Но все делается не так, когда обреченный на любовную пытку становится неразлучным со Смертью.

Все о нем книги — не о нем. Всем известный его облик — не его облик. Это существо с застрявшей в шее стрелой видимо было очень немногим. Тем, кто знал. И молчал. А он жил со стрелой, привык к ней. Древко стрелы напиталось его несчастьем и зацвело. Постоянная боль и благоухание неожиданных цветов — это и есть его поэзия, восславляющая под разными именами только ее, только ее, ей одной принадлежащая. Стрелу вынуть нельзя — мгновенно иссохнет поэтический родник, прервется невидимая окружающим жизнь. Но в жизни видимой происходило все то, о чем мы прочли в тысячах о нем книг. И всяк о нем толкует по-своему.

В ночь на 4 мая 1826 года в городке Белёве она внезапно умерла. Ее убили. У него еще одиннадцать лет. Что ж, жить нужно, жизнь свое возьмет. Можно ездить в карете, можно спать и кутить с друзьями. Можно на чем свет стоит ругать управляющего за недоимки. Можно в театре сидеть или стишки в дамских альбомах записывать. И можно на полях рукописей рисовать бесконечные профили и ножки красавиц. И в карты можно играть сколько душе угодно. Можно, пожалуй, и жениться, и детей заиметь. Все можно! Нельзя только без нее жить. Тогда надобно рассчитать траекторию не важно кем выпущенной пули, чтобы она угодила туда, куда тебе необходимо. И тогда через последнюю невыносимую боль — конец невыносимой боли, конец цветению стрелы, конец разлуки.
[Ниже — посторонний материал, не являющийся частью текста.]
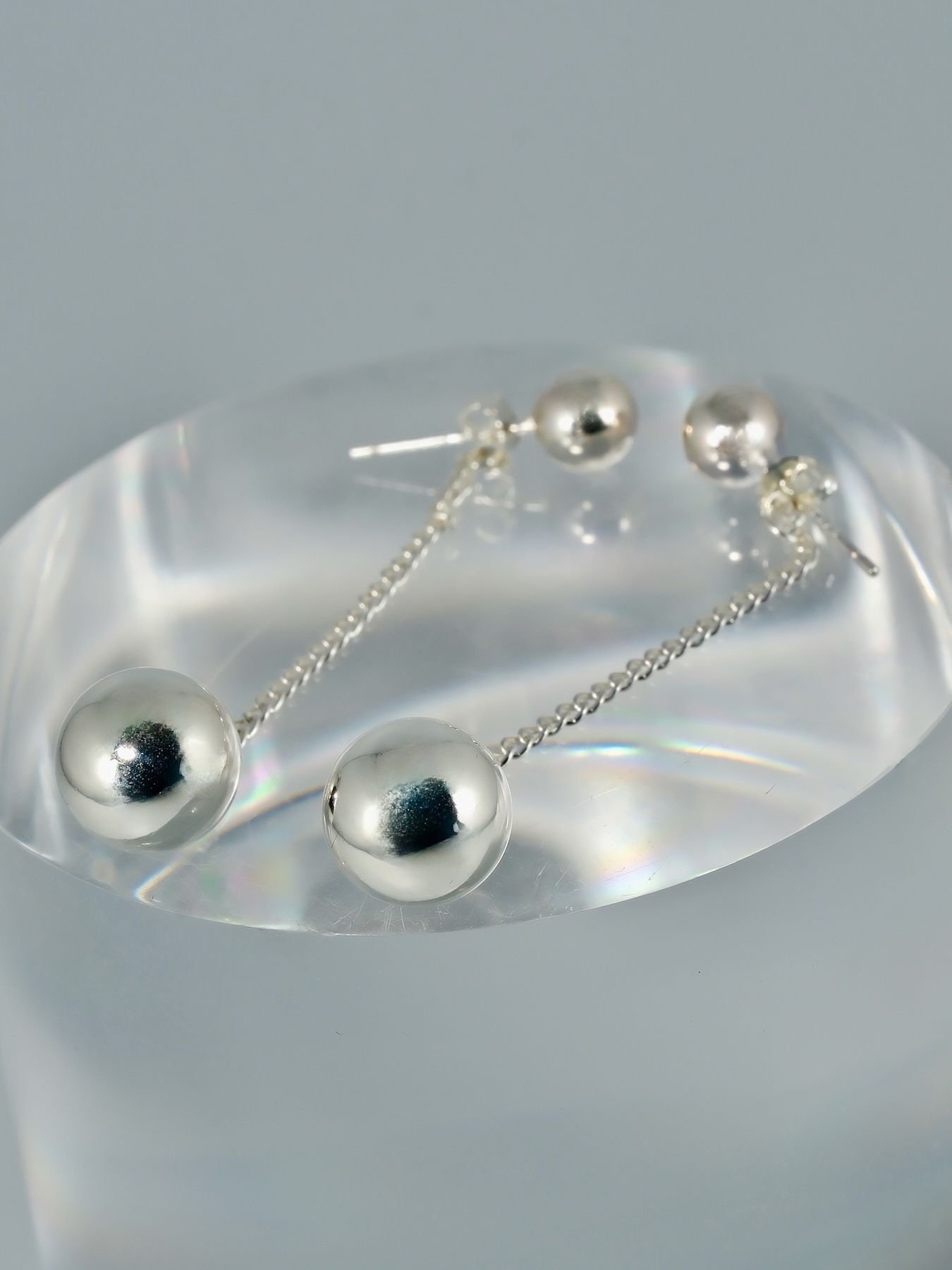 Earings Double Round Ball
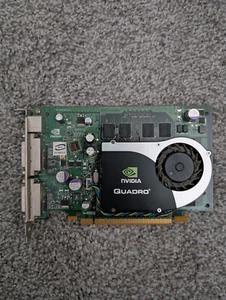 NVidia Quadro FX1700 DDR2 VCQFX170-PCIE PCI-Express DVI Video Graphics Card - Picture 1 of 3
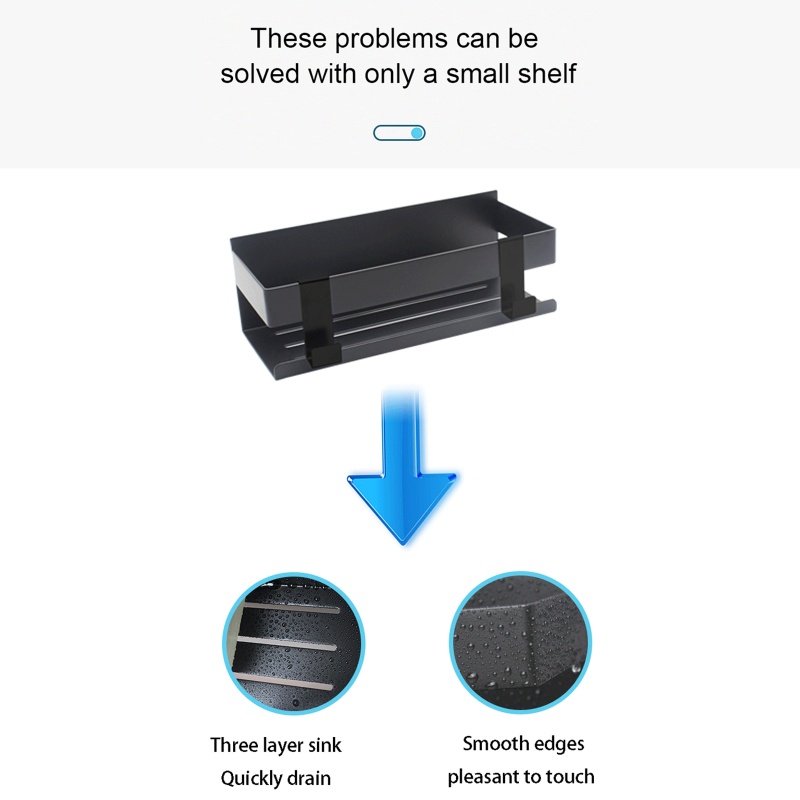 QQ Giá Đỡ Dầu Gội Gắn Tường Bằng Thép Không Gỉ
Где-нибудь в Новом Южном Уэльсе

Утренний звон направляемой косы… С хрустом ложатся росные травы под широко бреющим лезвием, и пахнет срезанная трава только что выловленной щукой. Густой туман делается, что китайский фарфор, полупрозрачным, быстро тает, лишь охвостья его запутались в черных елях на том берегу. Набирающее жару солнце уничтожает ночную влагу, и тогда невидимые потоки горячего воздуха принимаются поднимать вертикально облака, и они встают над полями белоснежными сторожевыми башнями.